Youd views this series as a commentary on what he calls “The fetishization of the author and divorcing that author’s literary work from their marketing persona. It doesn’t matter that Hemmingway had cats, it matters that the guy wrote some very interesting work and we should spend time reading them.”
By recreating works from revered authors on the same model typewriter they typed on and in fitting venues, Youd is “fetishizing the fetishization,” and, as sort of a artistic double negative, flipping the view back on what really matters – the work they produced and not the consumer-driven ideas of where and on what device. Youd becomes both artist and media critic while memorializing the canonical works of great authors.
Youd’s Banned Books Week visit is not his first trip to KVML. In 2013, he created and displayed artworks with the texts of Breakfast of Champions (his favorite Vonnegut novel), Jailbird and Slapstick using the same make and model Smith Corona 2200 typewriter Vonnegut used to write those books – Vonnegut’s 2200 is on display at the KVML.
Youd is 26 novels into this project with 74 works left to complete. Next on his journey will be the KVML where Youd will live at the library night and day surrounded by banned books while he types the perhaps the most distinguished of forbidden texts, Ray Bradbury’s Fahrenheit 451 – a diptych which, upon completion, will summarily be set on fire and destroyed.
“[Fahrenheit 451] is not just for its time and place, it can speak across generations and time periods,” says Youd. “The idea that we can lose access to knowledge, even in a world with the proliferation of ideas available on the Internet, it’s very real today. We’re in a world where half the population lives in the Middle Ages in regards to free access of information.”
The banning, censoring or outright burning of books has a long history, from the libraries at Antioch and later Alexandria to the Nazi burning campaigns of the 1930s and 40s. Even our enlightened 21st century is not immune to such medieval responses as seen though the numerous burnings of Harry Potter novels.
While we didn’t discuss the virtue of English boy-wizards and J.K. Rowling’s prose with Youd, he did say “Banned books are usually the good ones.” While there is something to be said in regards to age appropriateness in all media (the written word included), Youd, who is father to a thirteen-year-old son, sees the importance in quality works of literature as a jumping off point for complex discussions with young minds yearning to understand their world.
Reflecting on a recent camping trip with his son where they listened to an audio version of another oft-censored book, To Kill a Mockingbird,” Youd used the occasion as “… a chance to understand why. There may be a legitimate concern [behind banning books], but the reaction is wrong. Instead we should ask what is the political issue that is at stake? What is being said? Why are we confronting this and why now? It’s a wonderful chance for dialogue.”
“Beyond literary appreciation, it’s a chance to have a discussion about society and our politics. I’m an artist, so I think I’m most true to the aesthetics of something. But I’m also a person, and that part of me wants to understand the issues from a political and social view point as well.”

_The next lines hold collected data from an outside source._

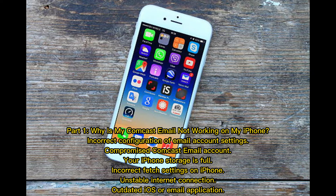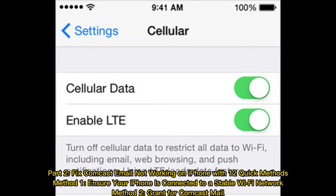Additional reasons include outdated iOS or email application. Part two: Fix Comcast email not working on iPhone with 12 quick methods. Method one: ensure your iPhone is connected to a stable Wi-Fi network.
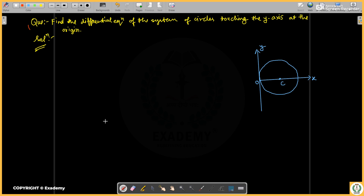Hello, welcome to Ecotomy — Redefining Equation. This is the next series of PYQ of ODE. The question is: find the differential equation of the system of circles touching the y-axis at the origin.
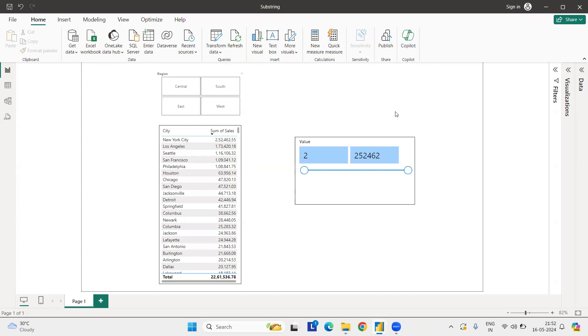Hi everyone, welcome to my YouTube channel. And today we are going to have one more problem statement: how we can use a measure in a slicer.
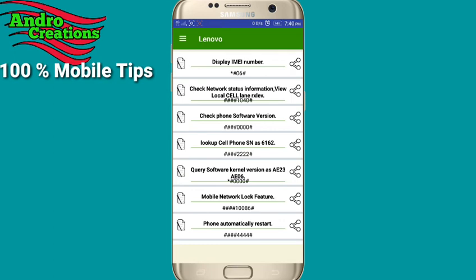If you found this video helpful, please like and share it. I will show you the secret code for this. Take care.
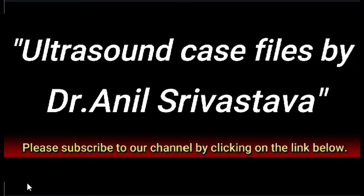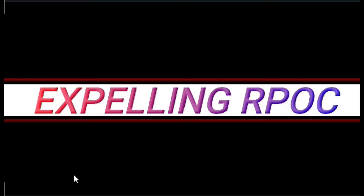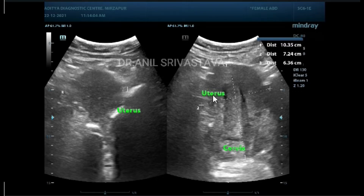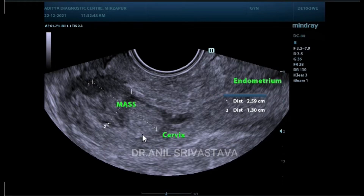Hello friends, good evening. Today I am presenting a case of expelling product of conception. You can see the uterus here — this is the uterus, this is the cervix. The mass is present in the lower part of the endometrial cavity and the endocervical canal.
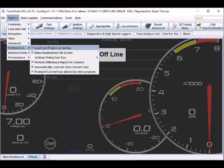In Tuner Studio now go to options, preferences and select load last project on startup. And then again options, preferences, make dashboards full screen.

Banning books outright, instead of answering the questions of why, is dismissing their ability to provoke thought on ideas of power, violence, exploitation and authority, let alone exploring the complexity of these issues. It’s a non-verbal statement that the conversations are too hard, the mind too fragile or the person too small to be able to handle it.
So it’s fitting that surrounded by banned literature in a library dedicated to a man who has created banned books of his own, transcribing a text that has been banned on numerous occasions for its’ questioning of authority and book burning, Youd will once again be playing the role of both artist and critic, a balance every good artist performs.
Though his “prison of banned books” does offer perks for any literary lover. When asked if he is nervous about living and sleeping in the library for the duration of this performance, Youd replied, “I’ll get a lot of reading done.”